Alvo das investigações foram manifestantes que insultaram ministros em Nova York, em 2022; uso informal de relatórios do TSE levanta questionamentos sobre legalidade
O ministro Alexandre de Moraes, do STF, utilizou o órgão de combate à desinformação do TSE (Tribunal Superior Eleitoral) para produzir relatórios e reunir informações sobre manifestantes que insultaram ministros do Supremo durante um evento privado em Nova York, em novembro de 2022. Embora o episódio tenha ocorrido fora do período eleitoral, o órgão eleitoral foi utilizado para investigar os envolvidos.
As mensagens entre os gabinetes de Moraes no STF e no TSE foram divulgadas pelo jornal Folha de S. Paulo. De acordo com a reportagem, o gabinete de Moraes no STF solicitou de maneira informal a produção de relatórios pelo TSE para fundamentar decisões contra apoiadores de Bolsonaro no inquérito das fake news em 2022. A informalidade gerou preocupação entre os assessores do ministro, que temiam a exposição de práticas não oficiais. Um dos assessores, em áudios, destacou que a situação poderia parecer “muito descarada” se questionada formalmente.
Caso de Nova York
O uso da estrutura de combate à desinformação do TSE contra manifestantes em Nova York começou antes mesmo da chegada de Moraes aos EUA. Após publicações nas redes sociais sobre o evento, o ministro acionou o juiz Marco Antônio Vargas, que estava no gabinete da presidência do TSE, para que Eduardo Tagliaferro, chefe da AEED (Assessoria Especial de Enfrentamento à Desinformação), monitorasse as redes e produzisse um relatório sobre as ameaças.
Durante os dias 14 e 15 de novembro de 2022, logo após o segundo turno das eleições, Moraes e outros ministros do STF, como Gilmar Mendes, Ricardo Lewandowski, Dias Toffoli e Luís Roberto Barroso, participaram do Lide Brazil Conference, organizado pela família de João Doria. Na ocasião, um grupo de bolsonaristas assediaram e insultaram os ministros em locais públicos, como restaurantes e hotéis, e o ex-presidente Michel Temer também foi alvo de xingamentos, conforme vídeos que circularam nas redes sociais.
Alvos específicos
As mensagens indicam que Moraes e seus assessores escolheram alvos específicos, como a deputada Carla Zambelli e o blogueiro Allan dos Santos, para serem monitorados.

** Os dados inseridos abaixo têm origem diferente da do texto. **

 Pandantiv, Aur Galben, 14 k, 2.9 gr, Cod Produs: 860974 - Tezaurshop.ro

As ações resultaram em tensões entre o gabinete de Moraes, a Interpol e o governo dos EUA, devido à participação de Allan dos Santos nas manifestações.

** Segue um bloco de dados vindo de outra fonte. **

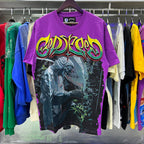 Godspeed Indoor Purple Haze T-Shirts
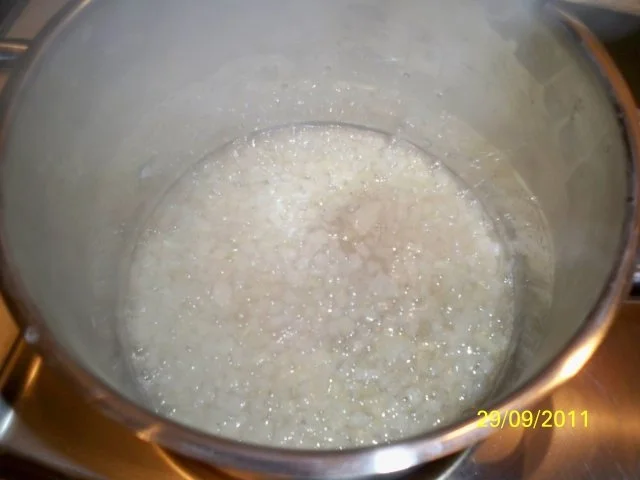 simples sauerkohl - Rezept - Bild Nr. 4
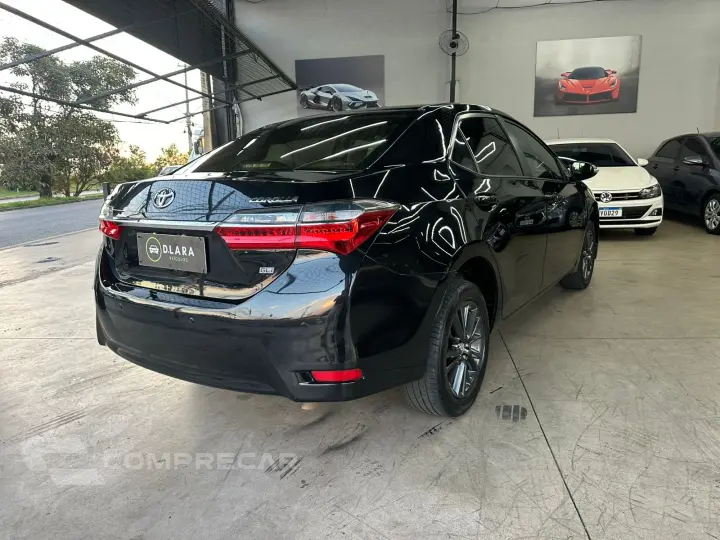 COROLLA 1.8 GLI Upper 16V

Além disso, as mensagens trocadas entre os assessores de Moraes revelam uma preocupação com a legalidade das ações informais, que incluíam a identificação de manifestantes e a produção de relatórios para embasar futuras ações do STF. Em um dos diálogos, Tagliaferro questionou a fundamentação legal para utilizar o TSE em monitoramentos não relacionados a eleições, e a resposta foi que Moraes havia decidido agir pelo STF.
Em resposta às acusações de uso indevido do TSE, o gabinete de Moraes afirmou que “todos os procedimentos foram oficiais, regulares e devidamente documentados nos inquéritos e investigações em curso no STF, com a participação integral da Procuradoria-Geral da República.”

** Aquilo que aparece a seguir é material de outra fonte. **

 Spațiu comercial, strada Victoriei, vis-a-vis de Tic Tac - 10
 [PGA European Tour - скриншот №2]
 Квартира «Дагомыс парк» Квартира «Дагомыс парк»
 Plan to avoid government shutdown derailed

Denúncias não vão para frente
Especialistas discutem a legalidade das ações e ressaltam que a informalidade na troca de informações pode abrir brechas para a contestação de provas, especialmente se as solicitações feitas via WhatsApp não tiverem sido formalizadas nos processos. Contudo, eventuais recursos seriam analisados pelo próprio STF, que já manifestou apoio a Moraes.